● Stored data
----

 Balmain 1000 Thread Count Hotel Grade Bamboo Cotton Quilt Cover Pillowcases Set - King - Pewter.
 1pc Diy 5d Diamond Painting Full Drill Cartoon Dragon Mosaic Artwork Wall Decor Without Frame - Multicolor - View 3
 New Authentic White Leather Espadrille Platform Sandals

----

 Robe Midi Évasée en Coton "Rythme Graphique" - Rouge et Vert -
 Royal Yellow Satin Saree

----

From the listing above, output exactly the run of lines that starts with the line containing "Balmain 1000 Thread" and ends with the line containing "New Authentic White".

 Balmain 1000 Thread Count Hotel Grade Bamboo Cotton Quilt Cover Pillowcases Set - King - Pewter.
 1pc Diy 5d Diamond Painting Full Drill Cartoon Dragon Mosaic Artwork Wall Decor Without Frame - Multicolor - View 3
 New Authentic White Leather Espadrille Platform Sandals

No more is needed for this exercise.